On se précipita pour installer les bossoirs et en quelques
minutes, le canot fut sorti et mis à l’eau.
– Jean sera en charge du navire, annonça le capitaine Flint.
Allez, Marion, apporte la sonde. Quelqu’un doit continuer à
sonner la cloche, tout le temps. Nous n’allons pas loin, mais ça
peut nous aider à ne pas vous perdre.
Il s’éloigna en ramant. Marion, à l’arrière enroulait la ligne
de sonde à ses pieds. En quelques instants, le canot, avec le
capitaine et elle à son bord, n’était même plus une tache
sombre dans le brouillard. Il avait disparu. En écoutant le
discret clapotis des rames, le reste de l’équipage se regardait
comme pour demander ce qui allait se passer ensuite.

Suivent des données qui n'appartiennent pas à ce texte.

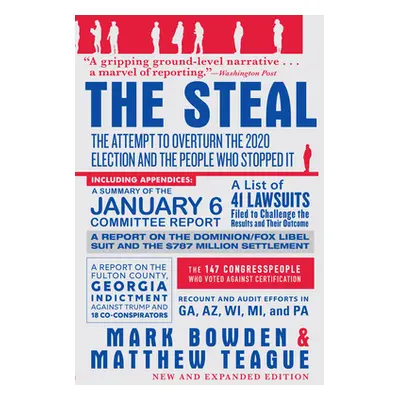 "The Steal: The Attempt to Overturn the 2020 Election and the People Who Stopped It" - "" ("Bowd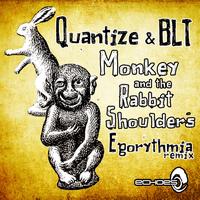 Quantize & BLT - Monkey And The Rabbit Shoulders - Egorythmia Remix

– Nous sommes proches de la côte de toute façon, dit Jean.
Entend-on encore ce tétras ?
– Et nous sommes à l’ancre, ajouta Suzanne. Eh bien, c’est
beaucoup mieux que d’être en mer dans le brouillard.
– Nous pourrions avoir à nous déplacer à nouveau, fit
remarquer Jean. Nous sommes peut-être trop près.
– C’est ce qu’ils sont allés vérifier ? demanda Dorothée.
– Et Margot ? dit Suzanne. Je crois qu’il l’a oubliée. Elle n’a
plus besoin d’être là-haut.
– Descends, Margot ! cria Jean.
– LA CLOCHE !
Ce cri sortit brusquement du brouillard.
« Ting... ting... ting... ting... ting... » fut la réponse.
Le cri avait interpellé Roger juste au moment où il
remontait joyeusement de la salle des machines après avoir
coupé l’essence et passé un coup de chiffon gras sur le moteur.